Zen is you – Be.

Remember ‘Why’?

Posted in impact, objectives, satisfaction by dave225 on May 22, 2012

So fundamental, so easily missed.

WHY https://ungard.wordpress.com/2008/12/24/why-why-why/
WHY http://thestuffihave.com/blog/?p=208

Forget about adoption – it’s easy to get people excited about something new.


Why it matters, even if people are on board with ‘What’ ….

Because eventually, people need a different ‘What’. “Gettin shit done” aint a reason to exist. People get bored with what you’re doing – even if it’s a temporary boredom. Unaddressed boredom turns into resentment.
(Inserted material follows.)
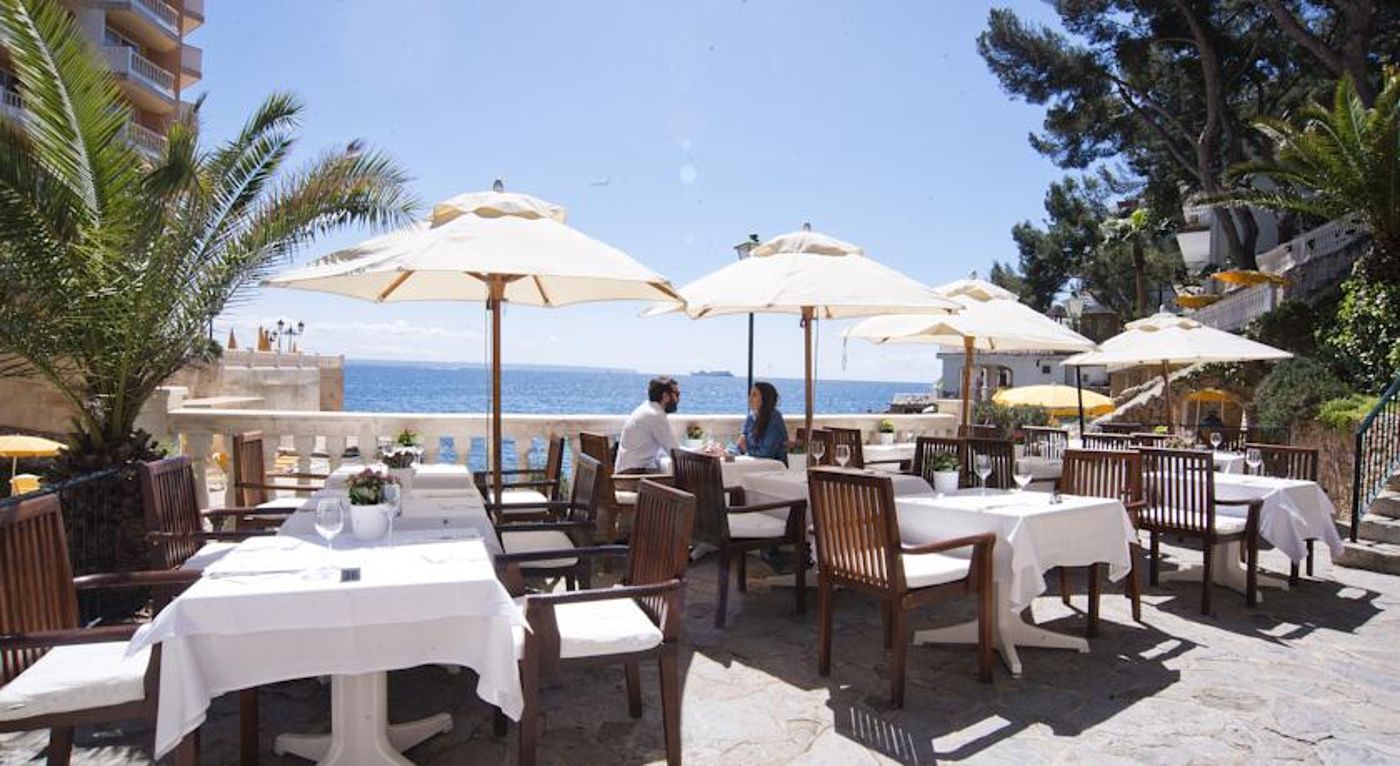 Hotel Bon Sol Resort & Spa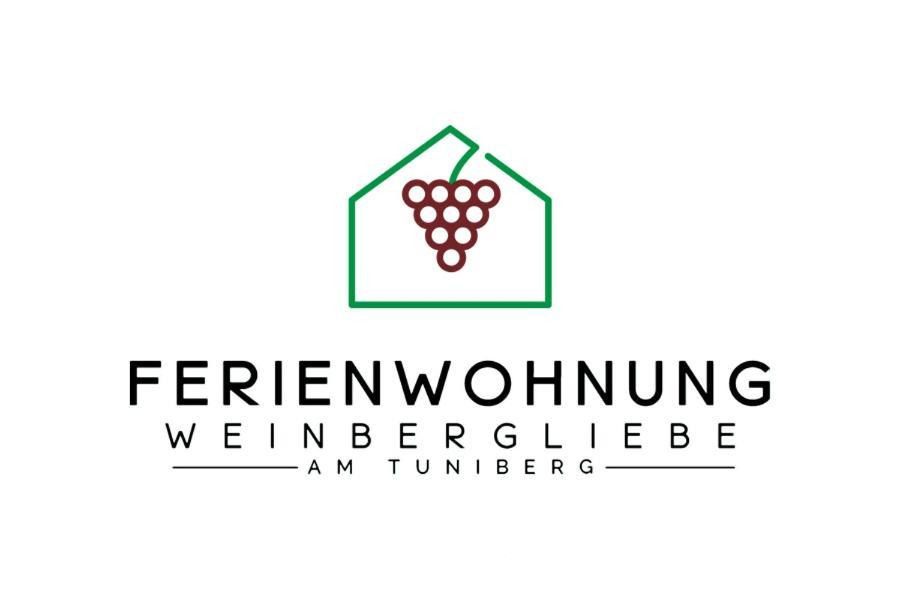 Moderne 2 Zi - Fewo Weinbergliebe Am Tuniberg Zwischen Freiburg Und Frankreich Merdingen Esterno foto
Resentment begets fight.. or, … flight.

… All because you don’t even know why you’re getting out of bed in the morning.  What an easy save that could be.


Anesthetized by Pleasantness

Posted in development, satisfaction, values by dave225 on October 9, 2009

It’s difficult to write a blog post about complacency.  Because to understand complacency, you have to put yourself into that mode of thinking.  And who the hell wants to be there?

(guess the relevance)

But complacency is such a paradox to me anyway – if you live in chaos, you are motivated to find normalcy.  If you find normalcy, it’s sooo easy to want to stay there – but you need to create chaos to escape.

(guess the relevance) –>

This is something I have to remind myself of frequently.  Professionally – implementing processes and measurements to get us to a state of optimization – there is a peace of mind in knowing that you can leave the office for a few days and the cogs will continue to turn.  But that allows me to disengage, which is both a blessing and a curse.  A curse because  I don’t get the daily fuel from innovation and problem solving.  A blessing because we’re doing greater things, more efficiently.   (Look at Thomas Edison.  His life’s work was inventing technology to make our lives easier.  That’s a reward unto itself, but in employing those inventions we achieve even more greatness with less effort. It wouldn’t make sense to reinvent the same things just for the sake of creating innovation energy.)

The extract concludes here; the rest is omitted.